# Milling Short Logs



## daxinarian (Sep 8, 2008)

Do you guys have any advice on milling short logs?

I have a couple of logs that are between 30" and 45" long. The guy I talked to with a portable saw mill says he doesn't think he can cut logs shorter than 4' because of the spacing of the supports... Do you all have any advice on things we can do to cut these shorties? The biggest log (number 1) is an oval 28"x18" and I was really hoping to get some nice wide planks out of it (although 20" wide might be the max, it is apparently 2 trunks that grew together and there is a deadzone in it). These are all Hackberry logs. Also, anything special I should know about using/drying hackberry?

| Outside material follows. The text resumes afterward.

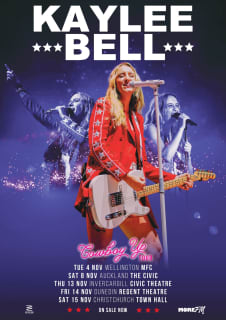 Kaylee Bell stands onstage with a guitar.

I attached some pictures of my log pile:


----------



## woodnthings (Jan 24, 2009)

*You must see this thread!*

The title is a little confusing but the info is good, if I say so myself! :laughing: 
http://www.woodworkingtalk.com/f2/best-way-use-reclaimed-lumber-13104/#post102303
and this one if you have a bandsaw:http://www.woodworkingtalk.com/f27/resaw-sled-7552/
bill


----------



## slabmaster (Mar 30, 2008)

I cut them shorter than that often with my csm.It is the most versitle mill there is.It will cut them short or it will cut them 100 ft. long doesn't matter.That's why i have one.


----------



## dirtclod (May 7, 2008)

If you're really determined it can be done. A horizontal bandmill will beat other methods in all aspects. But you need to find out if it is worth your effort and if you can find a bandmill operator willing to take on the job. As you found out, the problem milling a log shorter than 4' is that it won't span the bunks. Even a 4' log can give you problems as most mills can't support more than one log dog (its a type of clamp that holds the log sable) and on knee (kind of backstop) per each 4' bunk. The answer lies in building a spanning jig and convincing the mill operator to use it. There's several designs that'll work and its a DYI project. Can you work a deal with the operator?

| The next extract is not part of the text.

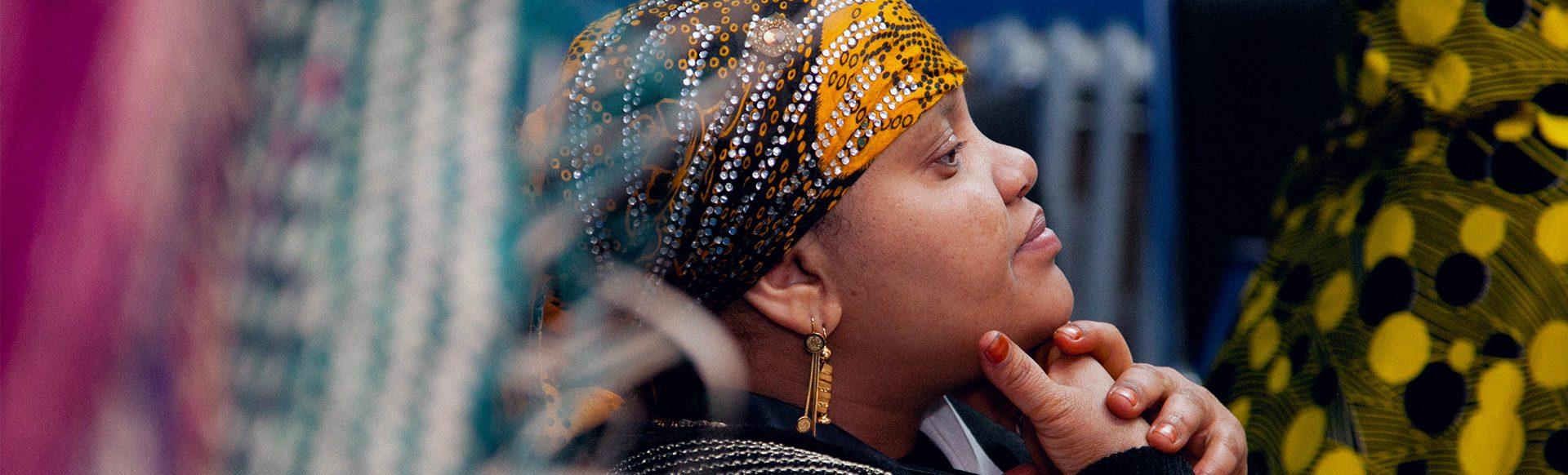 A woman listens intently to the speaker at an event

Hackberry is in the elm family. Its not popular as wood goes but has some fans. It's soft, rot prone, starts turning gray the moment its cut and I think it has interlocking grain. But I have never milled it and I'm pulling all that from memory. The point is: How badly do you want this wood? I can provide more info but its getting late so I'll check back tomorrow and will provide more info if you're still interested.


----------



## Daren (Oct 14, 2006)

Like dirtclod said it is going to discolor pretty quick unless you live far north where the weather is already cooling off. If you do any turning or have any turner friends that could be a good thing, if you have room stick a few of the logs in the shade someplace and next year you could have some neat looking spalt.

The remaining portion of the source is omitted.